Faramir doesn't believe the darkness will endure. (without_glory) wrote in valarnet,
I didn't catch your name (I suppose it's listed in your valar net profile?), but it's a pleasure to meet you. A favorite is one that I posted in a comment, above, which can be found here, but I'm happy to post another, by William Blake:
Awake, awake, my little boy! Thou wast thy mother's only joy; Why dost thou weep in thy gentle sleep? Awake! thy father does thee keep.
'O, what land is the Land of Dreams? What are its mountains, and what are its streams? O father! I saw my mother there, Among the lilies by waters fair.

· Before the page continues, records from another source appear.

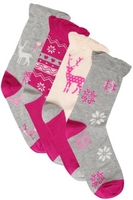 4 PACK Pink,  Grey & Cream Fairisle & Deer Print Socks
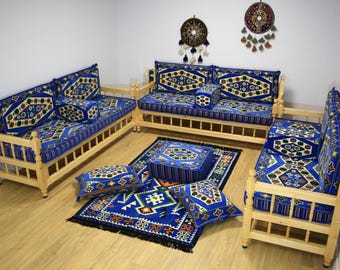 Canapé bleu rembourré Kilim, canapé ottoman, banc en bois fait main, canapé arabe, majlis du Yémen, ensemble de canapés en pin, ensemble complet de canapés en U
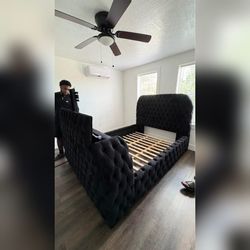 Bed frame with TV mount and remote control lift Fireplace USB BT speakers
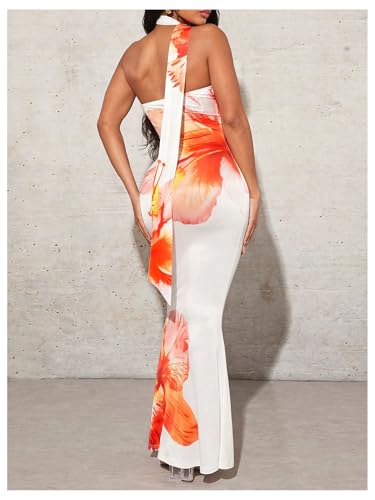 Image of Milumia Women's Boho Floral Maxi Dress Strapless Bodycon Summer Hawaiian Long Dresses with Scarf
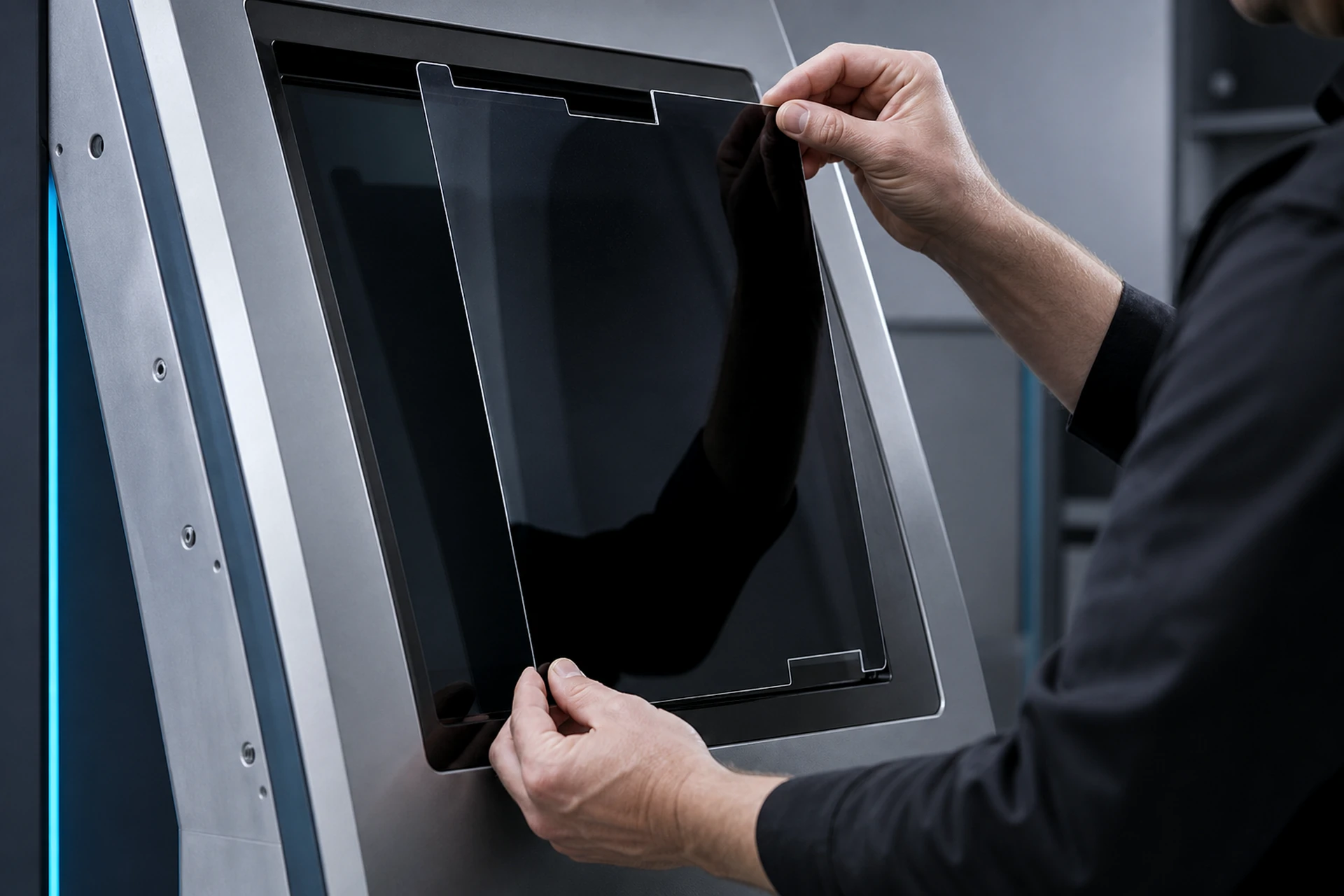 Technician aligning a custom-shaped privacy filter with an unbranded kiosk display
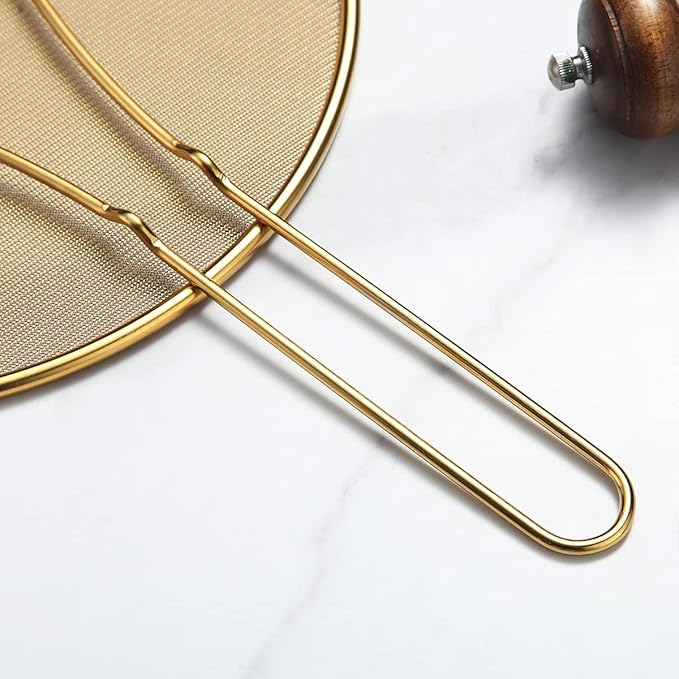 Evanda 12" Gold Splatter Screen for Cooking, Stainless Steel Fine Mesh for Frying Pan, Grease Guard for Pan to Stop Hot Oil Splatter, Protect the Skin From Burns, Safe Cooking Lid - Image 8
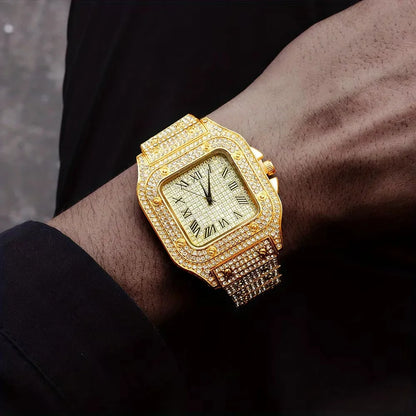 Montres de luxe en diamant pour hommes et femmes, montre en or, montre-bracelet pour dames, montres de luxe en strass, montres-bracelets unisexes, horloge féminine 2024 Nouveau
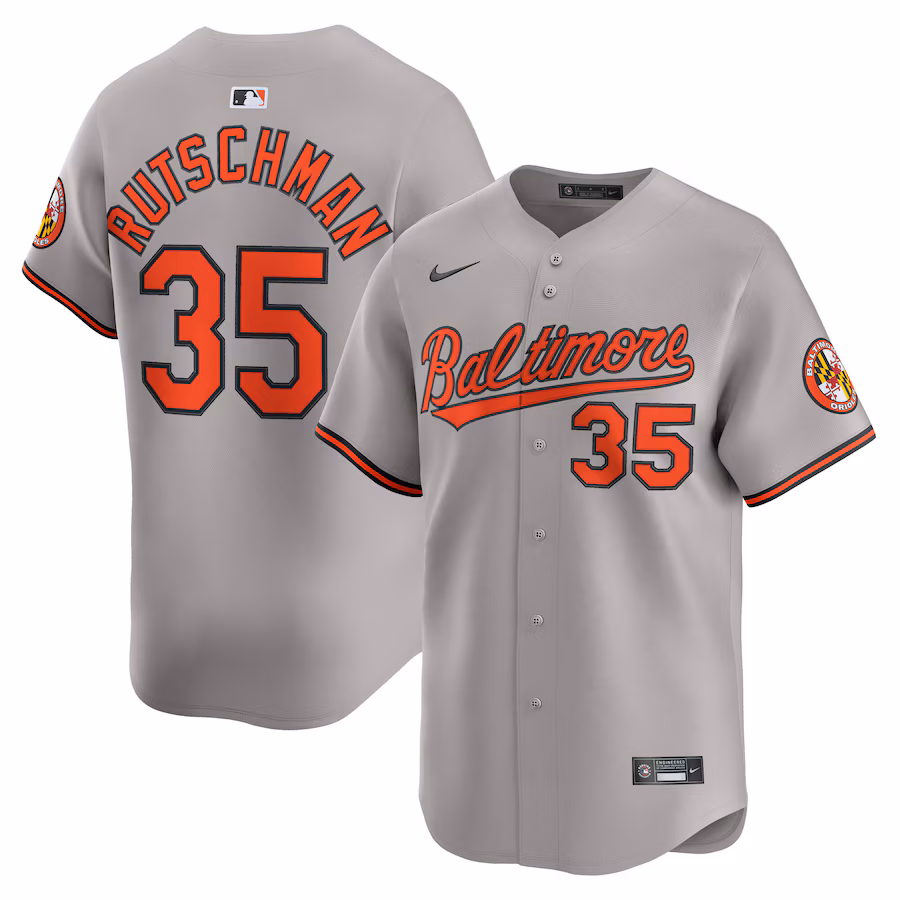 Men's Baltimore Orioles Adley Rutschman Nike Gray Road Limited Player Jersey - ujerseystore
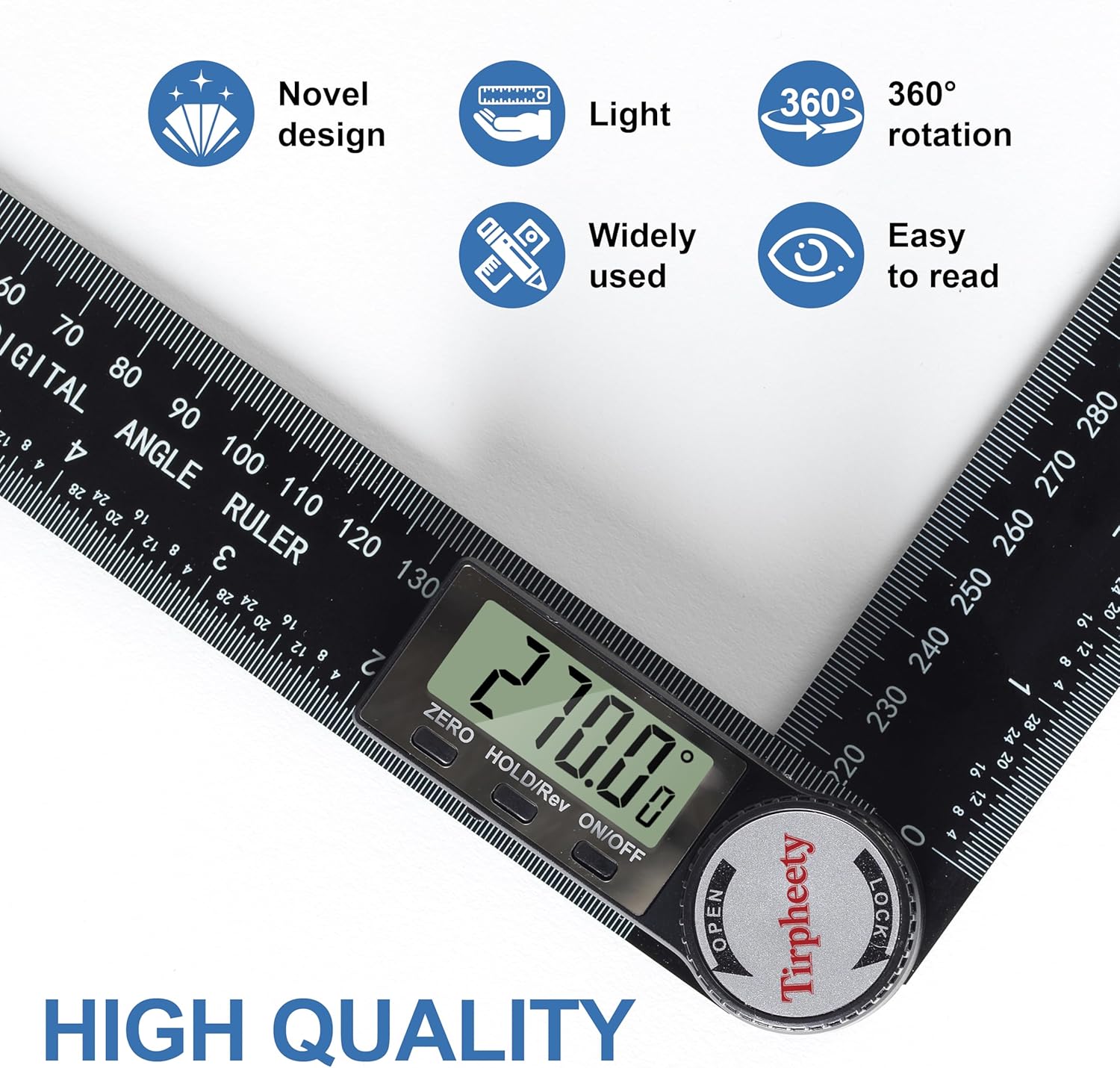 Digital Angle Finder Protractor, 3rd Generation Quick Display Angle Gauge Ruler, 7-Inch (200mm) Professional Measuring Tool for Woodworking, Carpentry, and Construction(plastic）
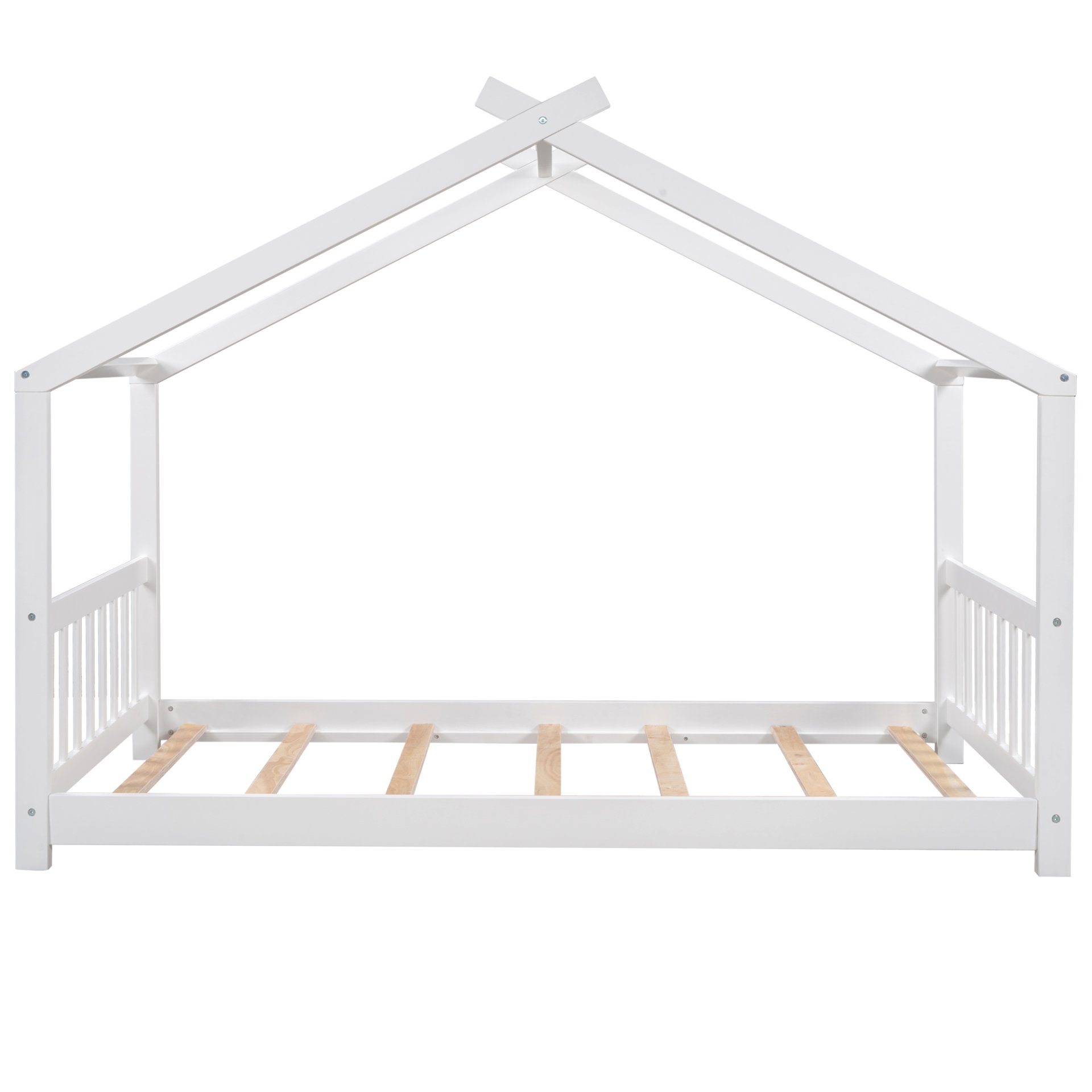 Twin Size House Platform Bed With Headboard And Footboard, Roof Design - White - Image 7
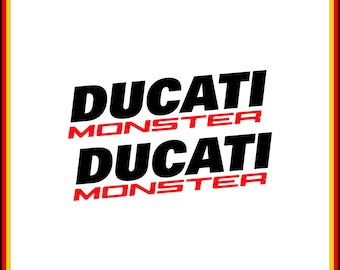 Ducati Monster Motorcycle Stickers 2x | Die Cut Vinyl Moto Decals Pegatinas Aufkleber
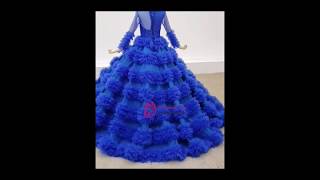 kemedress Roayl Blue Ball Gown Tulle Long Sleeve Beading Prom Dress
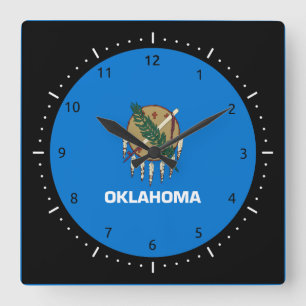 Reloj Cuadrado Bandera de Oklahoma, bandera del estado americano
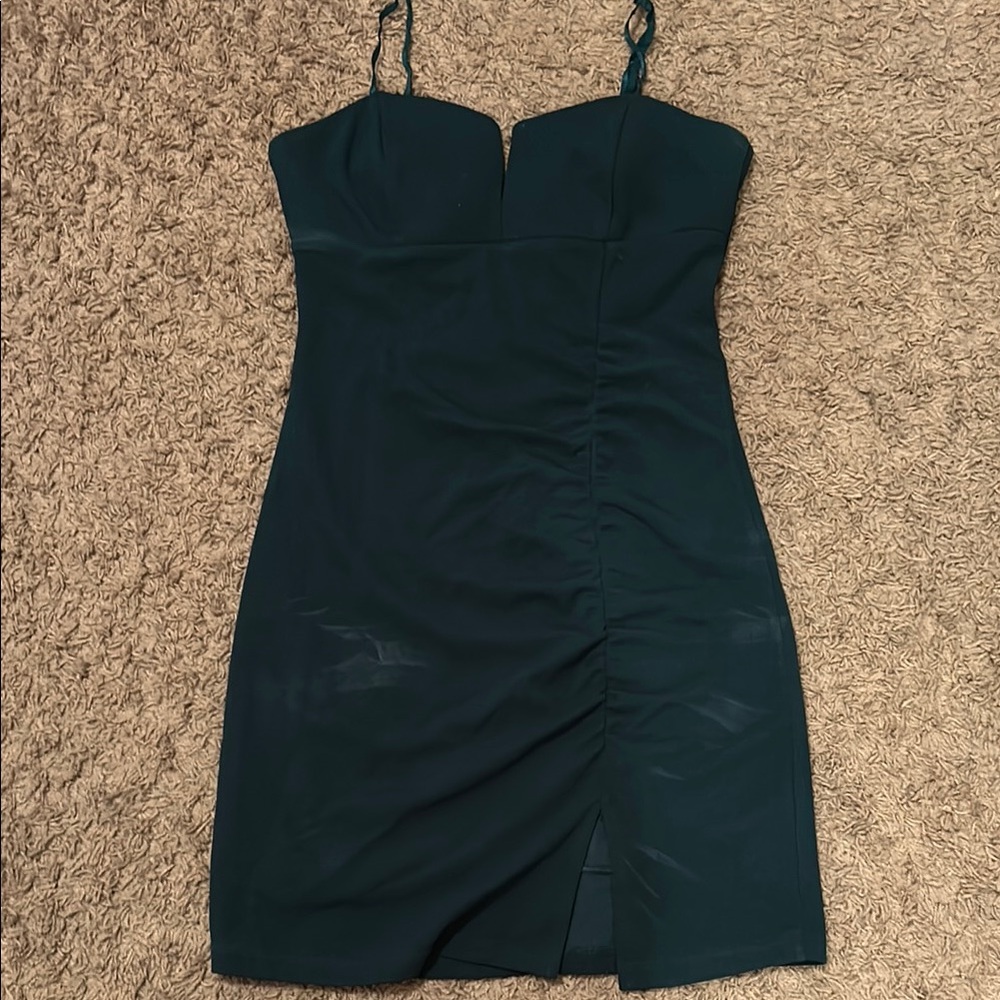 Emerald Sundae Green Ruched Bodycon Mini Dress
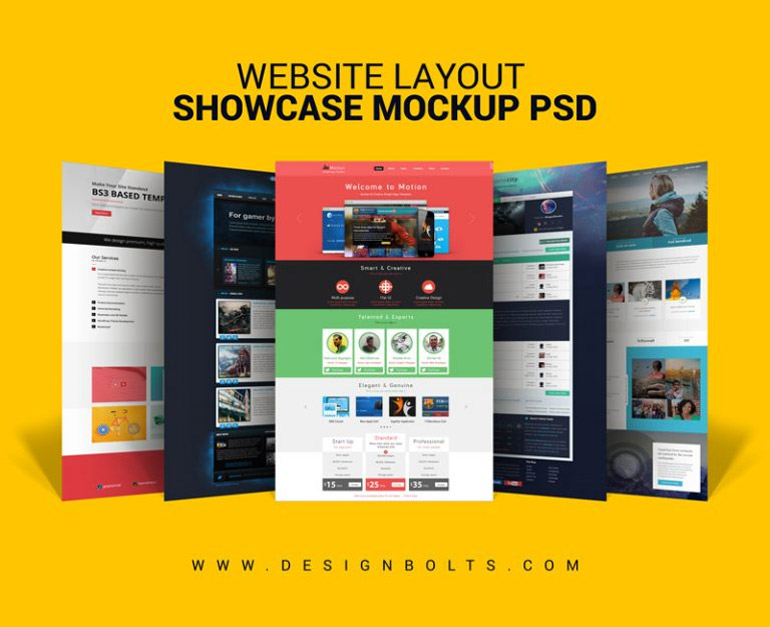 Free Website Layout Design Showcase Mock-up PSD 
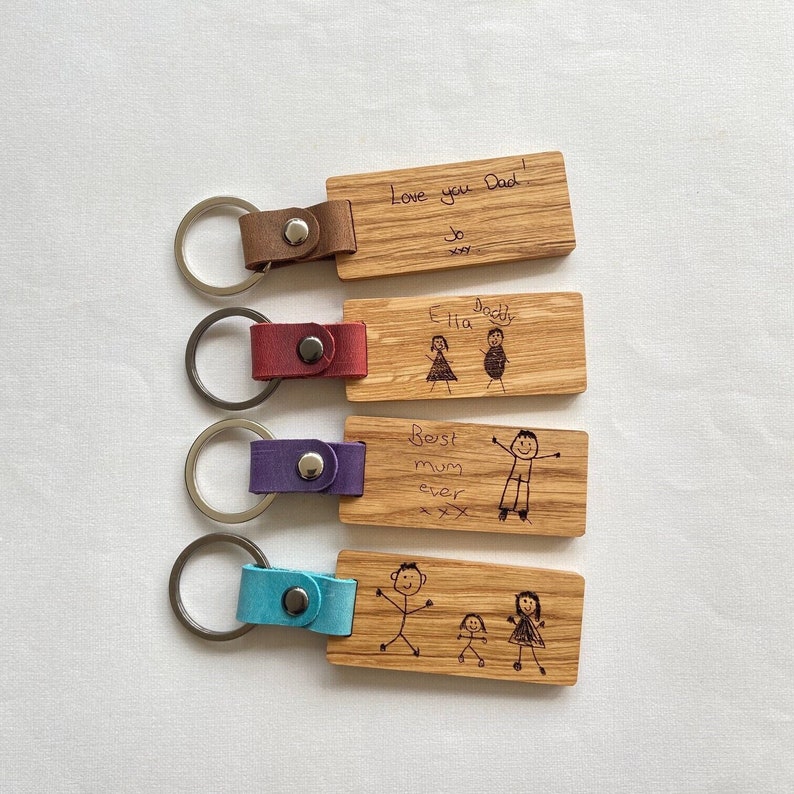 Personalised Engraved Oak & Leather Keyring, Handwritten Text, Child's Drawing, Father's Day, Mother's Day Gift, Birthday Gift, Anniversary image 1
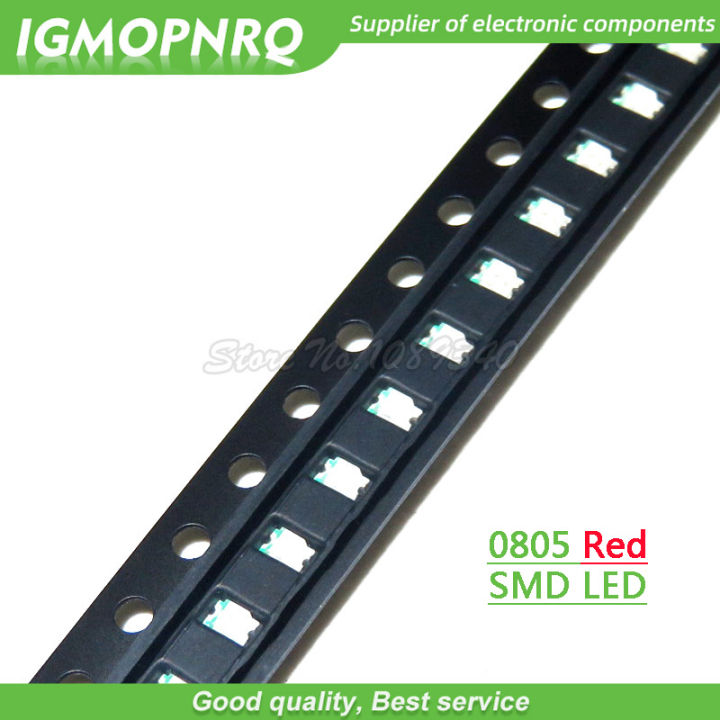 100ชิ้นสีแดง0805 SMD LED ไดโอดแสง igmopnrq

'Among the lambs, cloth?d in white, She walk'd with her Thomas in sweet delight. I wept for joy, like a dove I mourn; O! when shall I again return?'
Dear child, I also by pleasant streams Have wander'd all night in the Land of Dreams; But tho' calm and warm the waters wide, I could not get to the other side.
'Father, O father! what do we here In this land of unbelief and fear? The Land of Dreams is better far Above the light of the morning star.'
I have far too many favorite poets to ever possibly list, in one place. For starters? Szymborska, Sexton, Eliot, Cummings, Angelou, Frost, Blake, Neruda, Patten, Dickenson, Whitman, Plath, Parker...so many poems, written and translated from other languages, from the hands of countless other poets, all from various points in time.
I honestly can't say that I haven't run into a poem or poet that I haven't liked, even when the content is dark or questionable. Each one is unique in it's wording, and presents or conveys their own unique point of view. Art, in all of it's innumerable forms, is always subjective.